Thursday, April 9, 2015

a Real Somebody who feels the same way I do

The other day I was wading through the ads in... it was either this month's Artforum or this month's Art in America .... I was looking for the articles when I saw and ad for one more Louise Bourgeois show featuring a picture of one of her over-exposed tired old Spiders; and I said to myself, "I just hate this shit." 

I have never understood why the Art World has always made such a big deal of her stuff.  And I've finally accepted that maybe I just do not have my "viscera" sufficiently in tune with hers in order to get it.  I've seen a documentary about her and like her even less; but then, who am I....



While leafing through the paper magazines, I was also surfing the net to compliment my reading when I ran into an interview with Rosalind Krauss. I got angry at Krauss for saying that even as an artist comes into his/her own through repetition, she hates printmaking (the embodiment of repetition and my medium of choice); but imagine my delight when I read the sentence that follows!

I hate installation art, and my hatred energizes me in relation to the book I’m now writing on the medium. I just hate it. I think it’s pandering, like belly dancers shaking their stuff and trying to seduce the viewer. I find it utterly meretricious. I especially hate the installations of Louise Bourgeois, a not very interesting artist who has been hyped up partly because she’s an old lady. 

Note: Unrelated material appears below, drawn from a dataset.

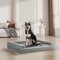 Doggyhut Orthopädisches Hundebett Ergonomisches Hundesofa Hundecouch mit Noppenschaumstoff Memory Matratze für Größen Aller Rassen, waschbar rutschfest (Grau, M:71x58cm)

I feel less alone!  Though, in truth, I believe the Art World likes Bourgeois because she made penises while also being old.  I think it was her french "je ne sais quoi" in openly talking about sex while also being old that attracts the Art World.  A world of people who believe themselves to be the coolest thing since sliced bread, but who, as a whole, strike me as being totally repressed.  But again, who am I....

...and mind you, I don't necessarily mean the artists are repressed, they're just "the labor"...

 

As to repetition and printmaking, I understand why Krauss says what she does; but I disagree that the medium is at fault. 

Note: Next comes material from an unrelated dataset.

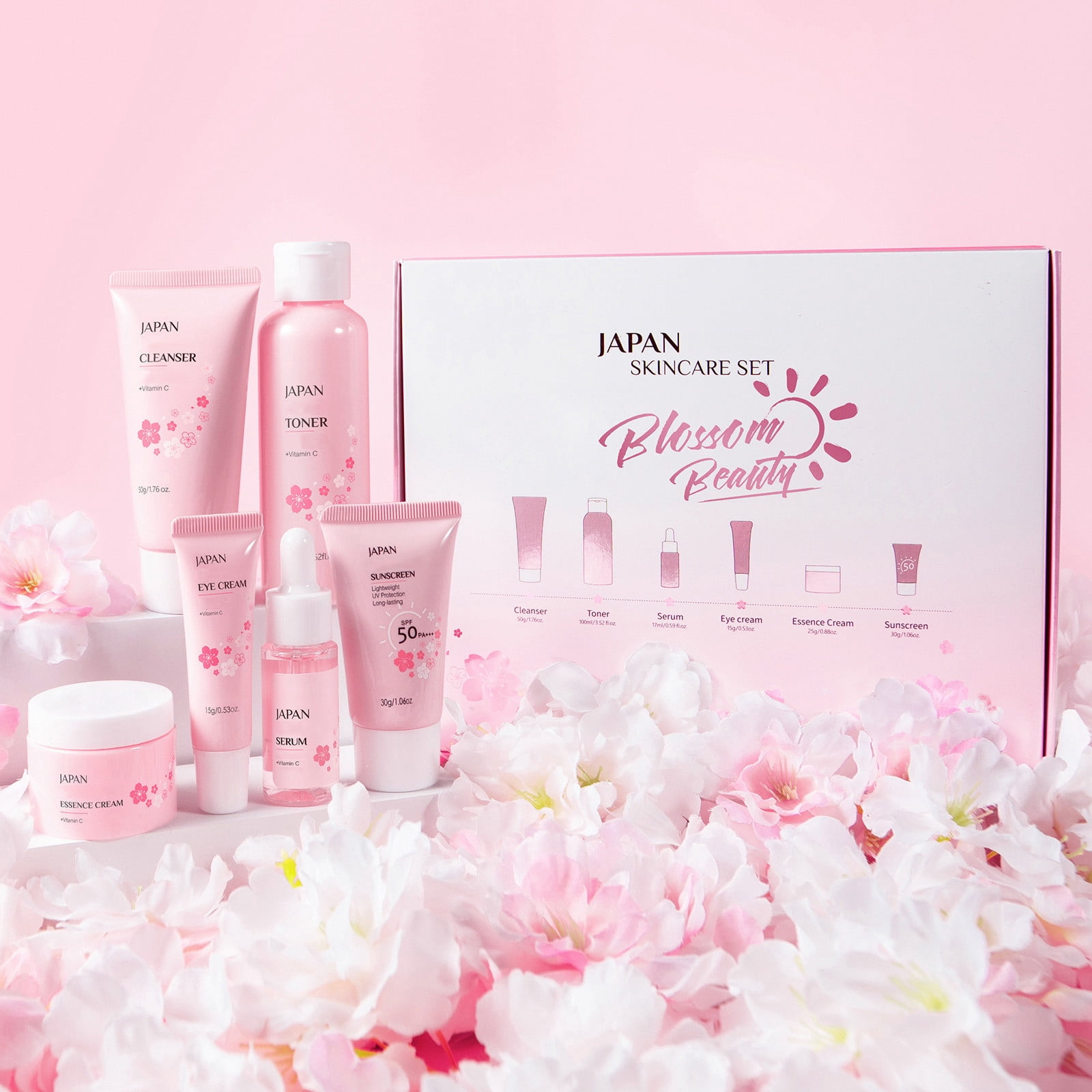 QunYou Travel Set Facial Care Set Cleansing and Nourishing Facial Cleanser 50g Toner 100ml Care 17ml Eye Cream 15g Face Cream 25g Sunscreen 30g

The way that an artist secures the nature of his support as a medium is to continue to work at it, repeating it. The repetition is very important.....Yet, I have to say I hate the medium of printmaking.

A topic for a future blog.....  maybe.



Monday, March 23, 2015

Time travel is possible, and not in a good way...




Ted Cruz announces he is running for president.   Listening to him spout off in newscasts has already made the day seem interminable....  Time will positively come to a standstill as "more of them" join the fray.

Good god, it's gonna be a loooong 19 months...


Monday, February 2, 2015

Groundbreaking, I tell you!

Years ago I bought a tiny little book by James Elkins called What Happened to Art Criticism?  For some reason I never read it then, but did the other day.  It's a fun and insightful read, but more than that, it has me contextualizing everything I read in a different way. 

A lot of art writing these days seem to be just blurbs written more as advertising to get people to go see some show or artist's work than anything else. Most of it is devoid of imagination and seemingly written by people who don't even have access to a thesaurus. Today I was browsing the Contemporary Art Daily site and ran into the following piece o writing; take a gander:

Arnolfini presents the first UK solo gallery exhibition of groundbreaking Dutch artist Willem de Rooij this autumn. The show will feature a politically-charged photographic work and a new installation that explores themes of individuality and how single objects can carry multiple layers of meaning.

"Groundbreaking", seriously?  I started reading the blurb because the images of the installation did intrigue me.

Willem de Rooij at Arnolfini

And when that happens, I do read the advertising blurbs after the images on the site in hopes of getting a little more insight about the work, since Contemporary Art Daily does not bother with such incidentals as medium and size: things that would help one visualize the work in a physical universe.   Unfortunately, I rarely glean any insights from doing so.   

... "groundbreaking", really?! ...  



Sunday, January 18, 2015

The Best Thing About Teaching...


...Is having ex-students send you an email in the middle of the night with the subject of "Hey" and an attachment of a half selfie (of them) next to my name!  I truly love the students I had during the years I taught; they made all the educationaleeze and dealing with the bullshit power structure worth it.  


the wonderful Sara Garner




















...Ah yeah, one more blog entry that ensures I'll never again get hired for a teaching job.....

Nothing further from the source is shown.